離間計,近乎老套的伎倆,在戰國時代確是可以起到特殊作用,亂世求存,身為君王同樣麵對各種壓力,掌權者一旦做大,難免危及自身,君臣之間的隔閡被人抓住達到自己目的,不失為齷齪之法,即便如此依然略試不爽,甚至列為兵法。

第一個中招之人便是名將吳起,一生三中謠言而終致慘死,先背“殺妻背魯”之流言逃魯入魏;再中魏國長公主“惡女”離間之計,拒絕迎娶少公主而被魏武侯猜忌,不得不離魏入楚;最後中楚國反變法貴族“謀反”流言,為示忠心而離開大軍孤身回郢都,最終被楚國貴族在楚王靈位前亂箭射死,一代英雄落得如此不僅讓人感慨,離間之計如跗骨之蛆讓人無所適從。

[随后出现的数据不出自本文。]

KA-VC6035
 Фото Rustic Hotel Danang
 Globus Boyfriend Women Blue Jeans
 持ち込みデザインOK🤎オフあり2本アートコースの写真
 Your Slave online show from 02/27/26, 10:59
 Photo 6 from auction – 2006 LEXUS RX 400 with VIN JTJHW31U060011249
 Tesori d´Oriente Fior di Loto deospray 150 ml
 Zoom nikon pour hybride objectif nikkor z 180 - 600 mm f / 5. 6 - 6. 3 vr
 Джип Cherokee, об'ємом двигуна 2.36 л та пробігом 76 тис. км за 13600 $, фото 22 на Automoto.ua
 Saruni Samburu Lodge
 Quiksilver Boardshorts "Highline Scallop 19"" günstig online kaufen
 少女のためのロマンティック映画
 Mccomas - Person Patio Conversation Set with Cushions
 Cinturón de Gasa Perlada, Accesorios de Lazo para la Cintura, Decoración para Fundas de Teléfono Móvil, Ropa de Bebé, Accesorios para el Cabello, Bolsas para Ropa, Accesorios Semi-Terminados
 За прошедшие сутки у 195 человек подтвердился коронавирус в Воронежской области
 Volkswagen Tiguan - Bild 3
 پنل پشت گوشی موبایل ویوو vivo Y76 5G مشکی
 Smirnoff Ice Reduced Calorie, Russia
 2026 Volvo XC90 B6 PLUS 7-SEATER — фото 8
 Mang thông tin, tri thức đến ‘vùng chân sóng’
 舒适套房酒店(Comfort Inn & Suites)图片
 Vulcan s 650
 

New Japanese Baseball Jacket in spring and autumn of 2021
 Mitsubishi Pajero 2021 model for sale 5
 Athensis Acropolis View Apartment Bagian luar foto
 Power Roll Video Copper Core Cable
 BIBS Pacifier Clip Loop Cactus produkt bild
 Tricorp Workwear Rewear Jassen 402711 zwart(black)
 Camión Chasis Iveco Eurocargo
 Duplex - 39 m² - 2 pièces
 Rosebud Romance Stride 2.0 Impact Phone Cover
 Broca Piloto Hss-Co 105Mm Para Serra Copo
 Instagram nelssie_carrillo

第二個中招的同樣是楚人,屈原,熱血報國之士,怎奈在張儀的離間流言麵前碰的頭破血流,流言始終糾纏這位愛國誌士,昏庸楚懷王總是投以懷疑目光,最終楚國都城被秦攻破之時,唯有屈原毅然投江而死。

第三個便是樂毅,燕國野心勃勃,重用樂毅為將,打得昔日霸主齊國險些滅國,田單以計破燕,樂毅最終在趙國鬱鬱而終,其中一一不再列舉,孟嚐君田文,一生豪俠最終被流言所擾,幾次罷相,最終在封地鬱鬱而終。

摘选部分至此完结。